Historical Context of Boyle Heights

From the turn of the century through 1930, Los Angeles experienced the largest population boom of any American city. Thousands of nonwhite and foreign-born newcomers were forced to settle in East Los Angeles due to the combined segregation efforts by the local government and the real estate industry. By the 1920s, Boyle Heights had evolved into a working-class, multiethnic neighborhood far more diverse than any U.S. city; Mexicans, Japanese, African-Americans, Russian Molokans, Armenians, Italians, and the largest settlement of Jews west of Chicago lived and worked together side by side.

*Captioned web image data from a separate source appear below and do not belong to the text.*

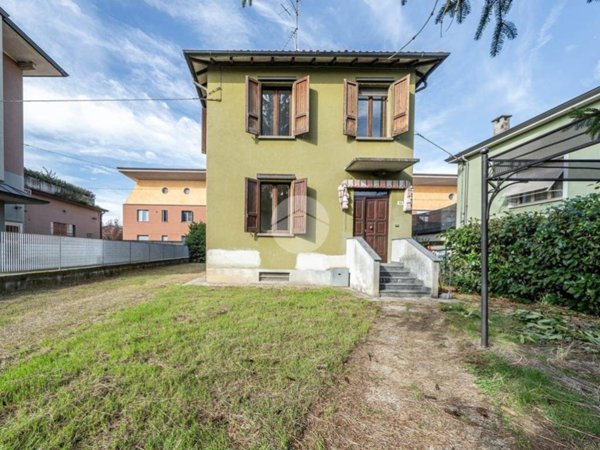 casa indipendente in vendita a Montechiarugolo in zona Monticelli Terme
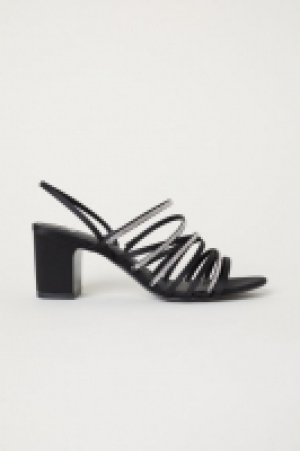  Sandaletten mit Strass CHF 27.95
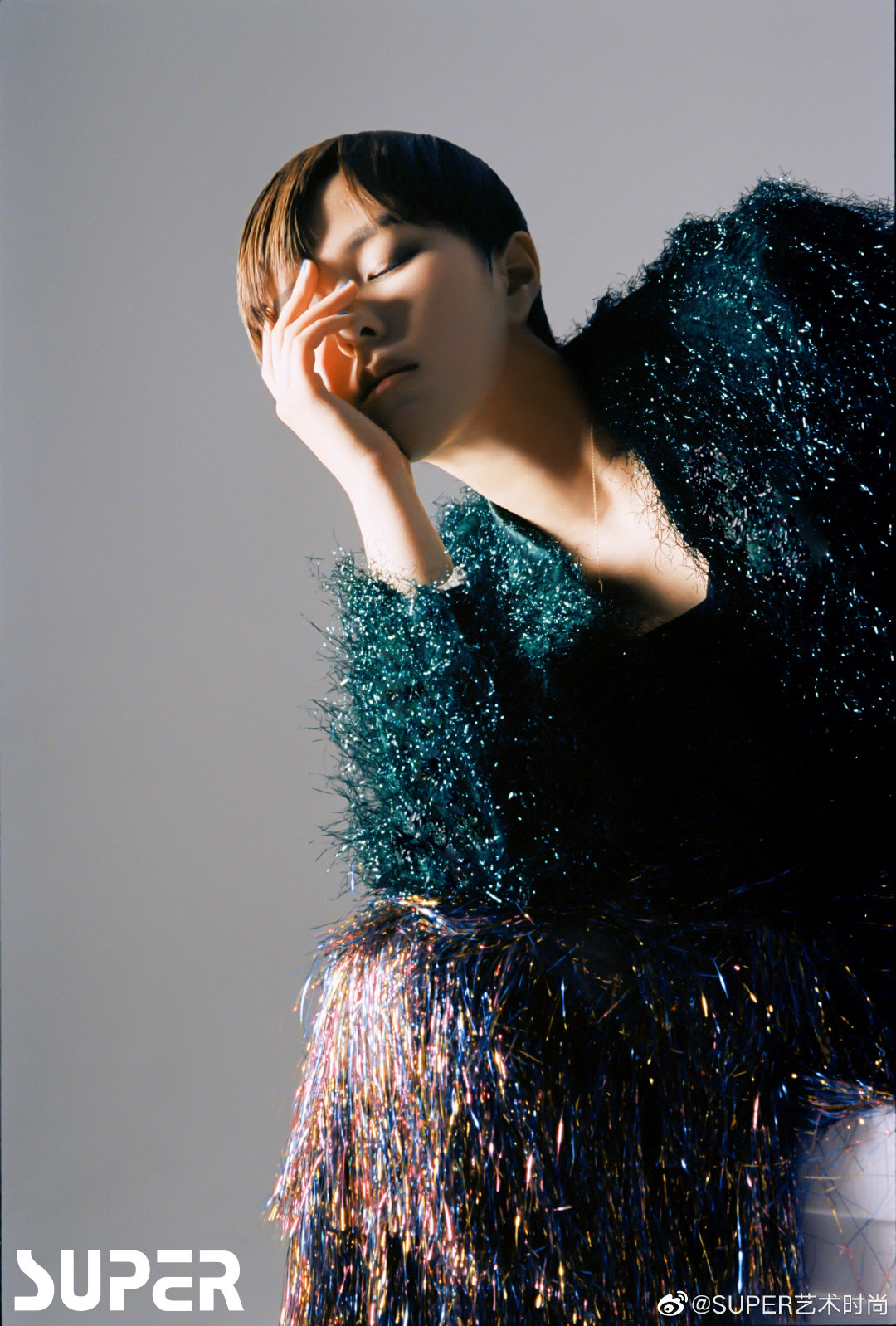 火箭少女sunnee杨芸晴:大佬穿上蛋糕裙,演绎反少女美学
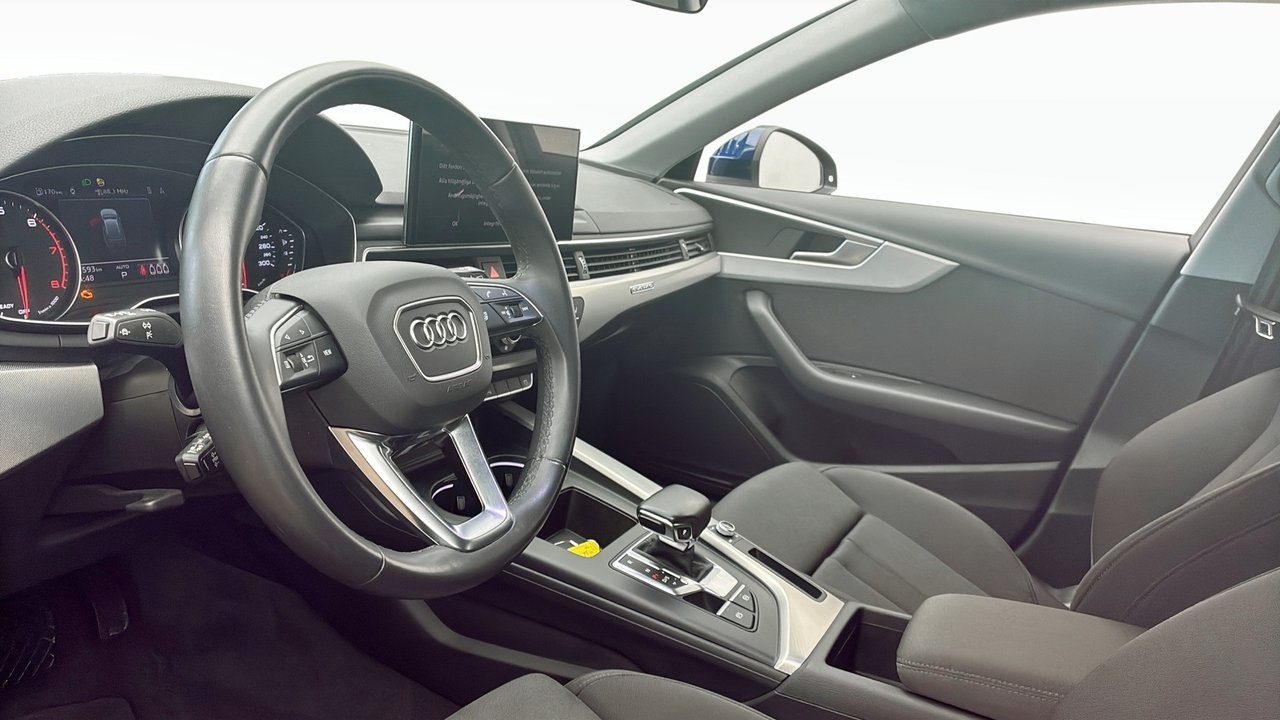 Audi A4 2024, kuva 7/10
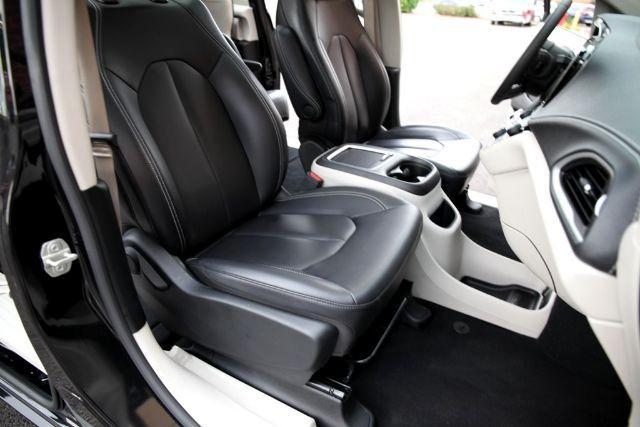 Photo of 2023 Brilliant Black Crystal Pearlcoat Chrysler Pacifica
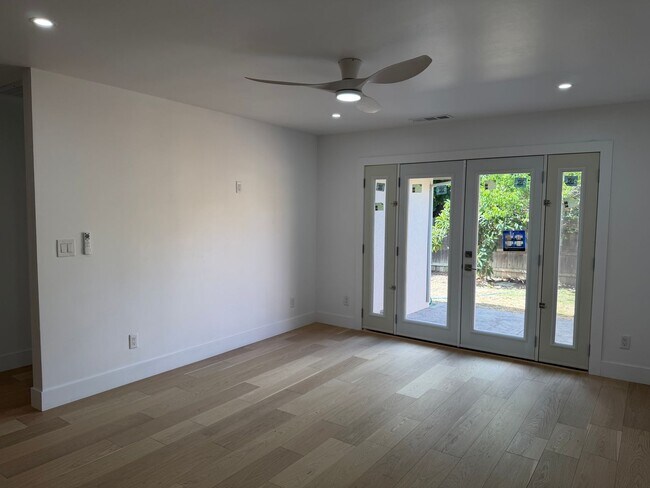 Building Photo - Fully Remodeled 3 Bedroom/ 2 Bathroom Duplex w/ Modern Finishes & Private Yard!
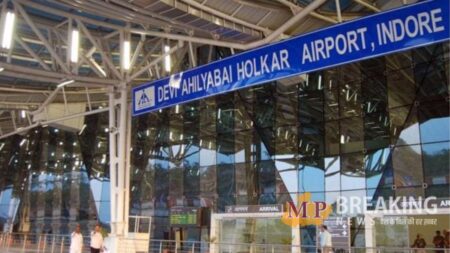 Indore Airport: अब इंदौर एयरपोर्ट पर भी मिलेगी डिजी स्कैनर की सुविधा, प्रवेश के लिए यात्रियों को नहीं दिखाने पड़ेंगे कागजात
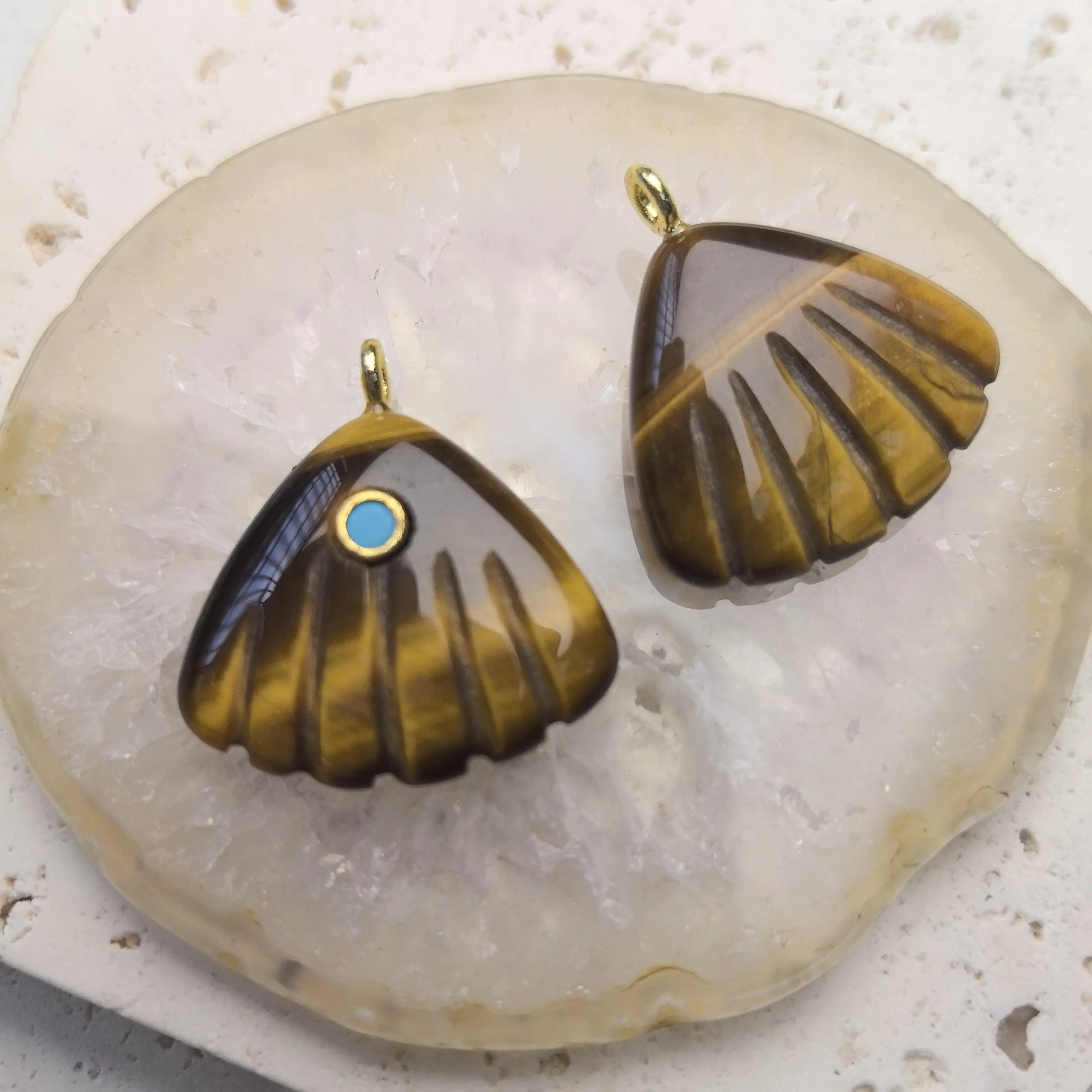 Natural Crystal Natural Stone Carved Shell‑Shaped Pendant, Zircon Inlaid With Copper Bail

In the post-WWII era, the Jewish community moved out and the Mexican community immigrated in larger numbers. However, the people who remained or came into Boyle Heights in these years were committed to coalition building and preserving the neighborhood’s diversity and thus, fostered multiculturalism into the 1960s. In fact, Boyle Heights was one of the few neighborhoods in the history of the United States that strived to be truly multicultural. However, it was not impervious to discrimination, racism, and gang activity yet its occurrences were often mitigated by the prevailing atmosphere of acceptance for ethnic, racial, and religious differences.

From the late 1960s on, Boyle Heights became predominately Mexican and Mexican-American but has remained committed to political activism. The Walkouts of 1968, the Brown Berets, the United Farm Workers Union, and the Immigrant Rights Movement have made Boyle Heights one of the centers of Latino activism in California. However, Boyle Heights’ population is showing the first signs of shifting as Middle Eastern, Central American, and Asian immigrants arrive. Perhaps this neighborhood with a remarkable history will respond to these changes as it did in the past and once again embrace multiculturalism.